I'll have to think about the gooseneck, and how it changes things... a good thought... And I agree the elasticity of the mainsheet can help... but only to a point. If the mainsheet stretches enough to allow the boom to hit the shrouds, more problems can occur than are solved.
There is another really important piece of the puzzle, that someone else mentioned earlier in this discussion. The position of the traveler has a huge impact on the amount of damage that can happen in a gybe.

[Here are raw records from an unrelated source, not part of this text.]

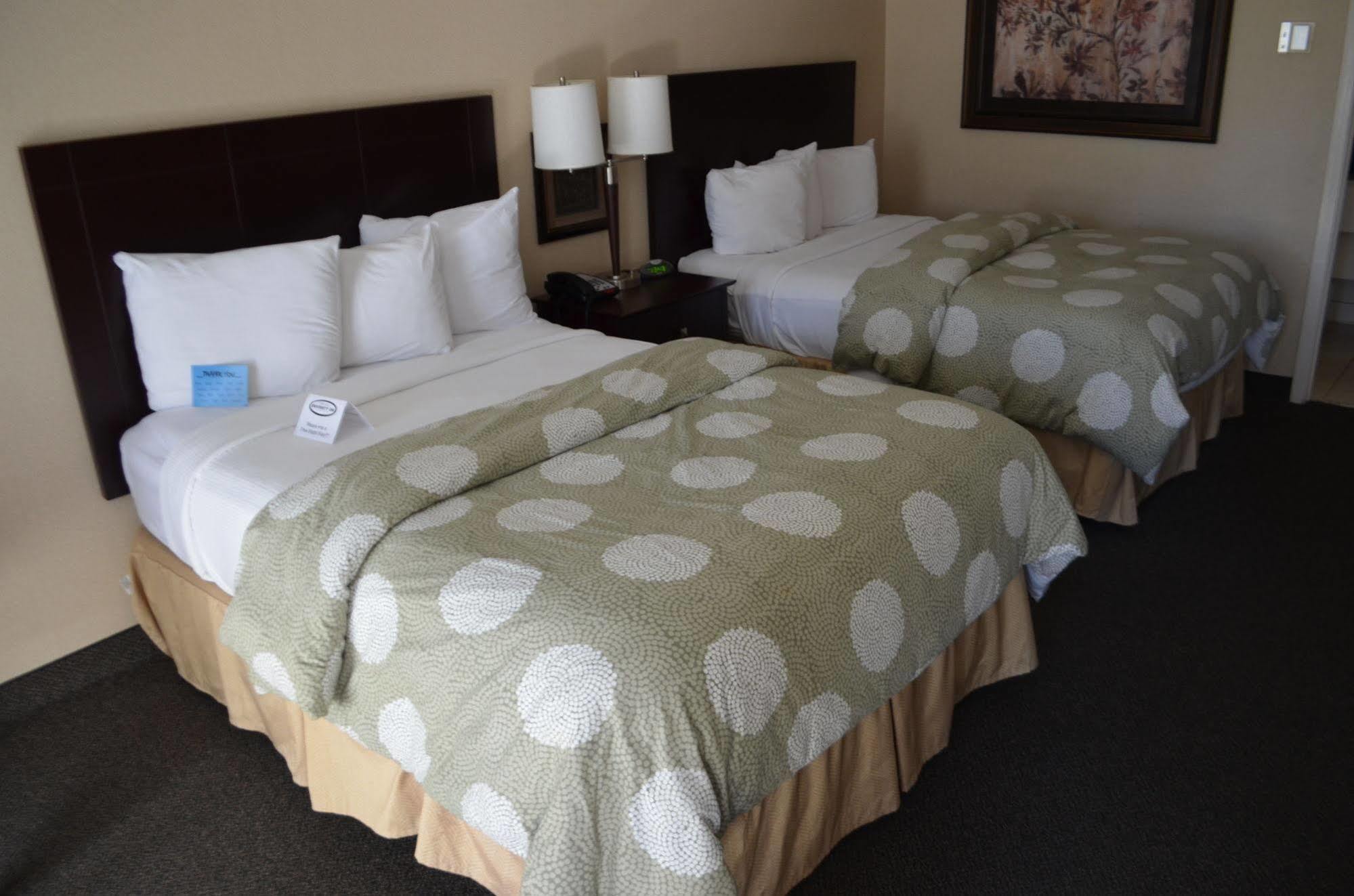 Chapel Hill University Inn Eksteriør billede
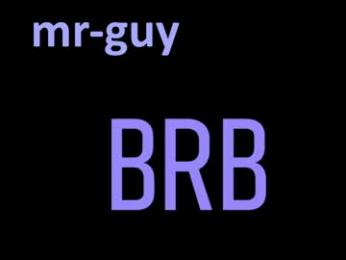 _mrguy_ webcam model stream image
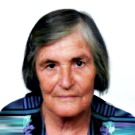 Zdenka Adamović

If the traveler is centered, and the boom is eased out only with the mainsheet, a gybe can be really dangerous. With that much mainsheet out, the boom can rise when it crosses, when the mainsail goose-wings around the mast. It can rise enough to actually hit the backstay as it comes across. If the boom was out touching (or very close to touching) the aft lower shroud, when it comes across it can impact the aft lower shroud on the other side. Both of these scenarios are potentially disastrous both to the boom--and the rig itself.
If the traveler is all the way over to the leeward side, then these problems can't happen, or at least are minimized, because the mainsheet is so much shorter, and the boom is stopped halfway across, before it can get really moving.
One of the things I really love about the Amel set up is that the traveler is long enough to actually be really useful as a sail trim tool. When sailing anything upwind of a beam reach, we adjust the traveler far more often than we do the mainsheet. If we are sailing downwind, the traveler is always (no exceptions--ever) eased down to the leeward side.
There are aways two parts to preventing damage in an accidental gybe. First is avoid the gybe in the first place. A nice idea, but it will happen to everybody. The second part is to be sure the boat is set up so damage is avoided or minimized.